However, by using the option struct_as_record=False the field could be accessed:
v=spio.loadmat('xy.mat',squeeze_me=True,struct_as_record=False)
Now it was possible to access it by
>> v['b'].c.d
array(3)
Here are the functions, which reconstructs the dictionaries just use this loadmat instead of scipy.io's loadmat:
import scipy.io as spio
def loadmat(filename):
'''
this function should be called instead of direct spio.loadmat
as it cures the problem of not properly recovering python dictionaries
from mat files. It calls the function check keys to cure all entries
which are still mat-objects
'''
data = spio.loadmat(filename, struct_as_record=False, squeeze_me=True)
return _check_keys(data)
def _check_keys(dict):
'''
checks if entries in dictionary are mat-objects. If yes
todict is called to change them to nested dictionaries
'''
for key in dict:
if isinstance(dict[key], spio.matlab.mio5_params.mat_struct):
dict[key] = _todict(dict[key])
return dict
def _todict(matobj):
'''
A recursive function which constructs from matobjects nested dictionaries
'''
dict = {}
for strg in matobj._fieldnames:
elem = matobj.__dict__[strg]
if isinstance(elem, spio.matlab.mio5_params.mat_struct):
dict[strg] = _todict(elem)
else:
dict[strg] = elem
return dict
Just an enhancement to mergen's answer, which unfortunately will stop recursing if it reaches a cell array of objects. The following version will make lists of them instead, and continuing the recursion into the cell array elements if possible.
import scipy.io as spio
import numpy as np
def loadmat(filename):
'''
this function should be called instead of direct spio.loadmat
as it cures the problem of not properly recovering python dictionaries
from mat files. It calls the function check keys to cure all entries
which are still mat-objects
'''
def _check_keys(d):
'''
checks if entries in dictionary are mat-objects. If yes
todict is called to change them to nested dictionaries
'''
for key in d:
if isinstance(d[key], spio.matlab.mio5_params.mat_struct):
d[key] = _todict(d[key])
return d
def _todict(matobj):
'''
A recursive function which constructs from matobjects nested dictionaries
'''
d = {}
for strg in matobj._fieldnames:
elem = matobj.__dict__[strg]
if isinstance(elem, spio.matlab.mio5_params.mat_struct):
d[strg] = _todict(elem)
elif isinstance(elem, np.ndarray):
d[strg] = _tolist(elem)
else:
d[strg] = elem
return d
def _tolist(ndarray):
'''
A recursive function which constructs lists from cellarrays
(which are loaded as numpy ndarrays), recursing into the elements
if they contain matobjects.
'''
elem_list = []
for sub_elem in ndarray:
if isinstance(sub_elem, spio.matlab.mio5_params.mat_struct):
elem_list.append(_todict(sub_elem))
elif isinstance(sub_elem, np.ndarray):
elem_list.append(_tolist(sub_elem))
else:
elem_list.append(sub_elem)
return elem_list
data = spio.loadmat(filename, struct_as_record=False, squeeze_me=True)
return _check_keys(data)
As of scipy >= 1.5.0 this functionality now comes built-in using the simplify_cells argument.

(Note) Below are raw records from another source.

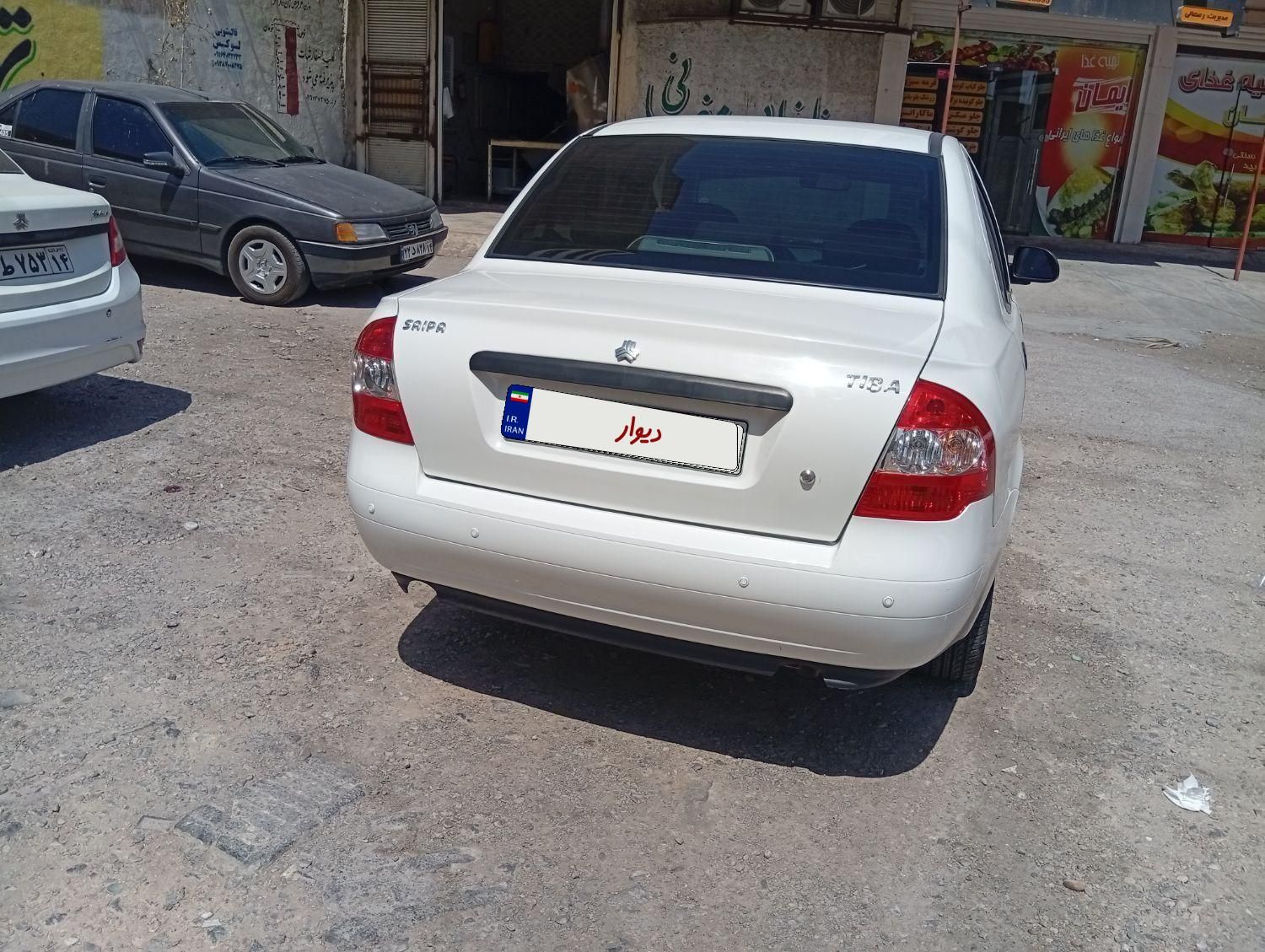 تیبا صندوق دار SX - 1401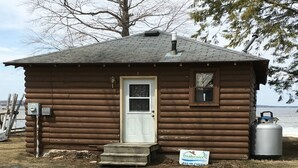 A small wooden cabin with a white door, a small window, and a chimney. There is a sign for Freshwater Vacation Rentals and a propane tank nearby.
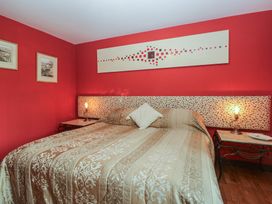 A bedroom with a bed and lamps at Stonegarth Cottage in Grasmere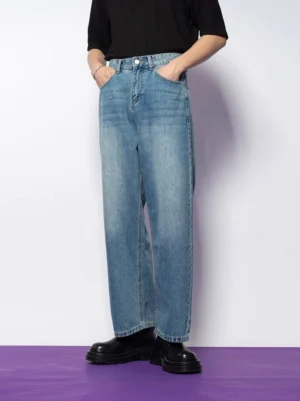 Front full-length view of vintage light blue relaxed straight-leg jeans styled with a black T-shirt and black platform leather shoes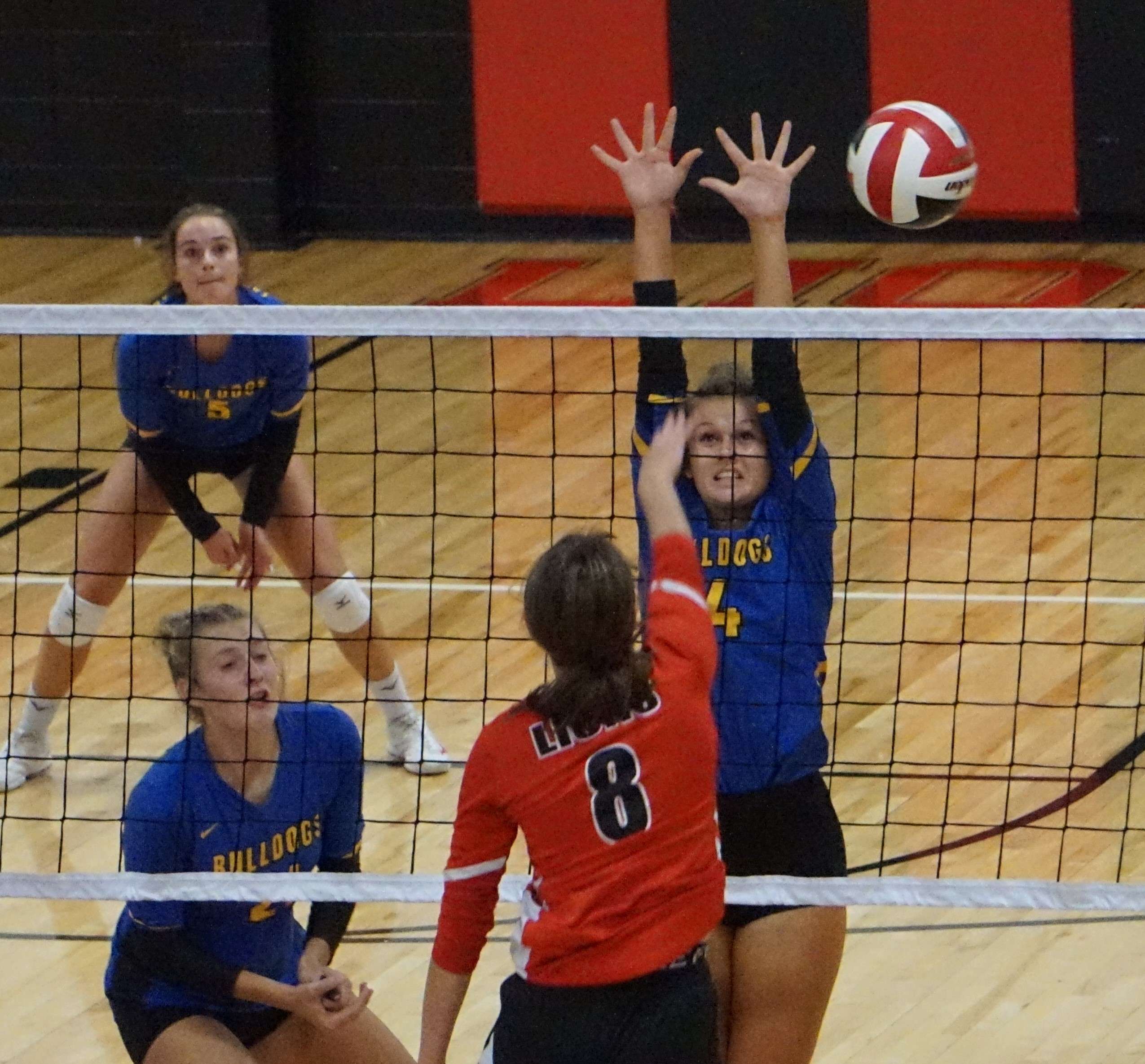 St. Joseph Christian's Ella DuBois (8) tries to hit a ball past East Buchanan's Sidnee Carr (4) during Monday's match. Photo by Tommy Rezac.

from scipy.io import loadmat
mat_dict = loadmat(file_name, simplify_cells=True)
I was advised on the scipy mailing list (https://mail.python.org/pipermail/scipy-user/) that there are two more ways to access this data.
This works:
import scipy.io as spio
vig=spio.loadmat('xy.mat')
print vig['b'][0, 0]['c'][0, 0]['d'][0, 0]
Output on my machine:
3
The reason for this kind of access: "For historic reasons, in Matlab everything is at least a 2D array, even scalars."
So scipy.io.loadmat mimics Matlab behavior per default.
Found a solution, one can access the content of the "scipy.io.matlab.mio5_params.mat_struct object" can be investigated via:
v['b'].__dict__['c'].__dict__['d']
Another method that works:
import scipy.io as spio
vig=spio.loadmat('xy.mat',squeeze_me=True)
print vig['b']['c'].item()['d']
Output:
3
I learned this method on the scipy mailing list, too. I certainly don't understand (yet) why '.item()' has to be added in, and:
print vig['b']['c']['d']
will throw an error instead:
IndexError: only integers, slices (:), ellipsis (...), numpy.newaxis (None) and integer or boolean arrays are valid indices
but I'll be back to supplement the explanation when I know it. Explanation of numpy.ndarray.item (from thenumpy reference):
Copy an element of an array to a standard Python scalar and return it.
(Please notice that this answer is basically the same as the comment of hpaulj to the initial question, but I felt that the comment is not 'visible' or understandable enough. I certainly did not notice it when I searched for a solution for the first time, some weeks ago).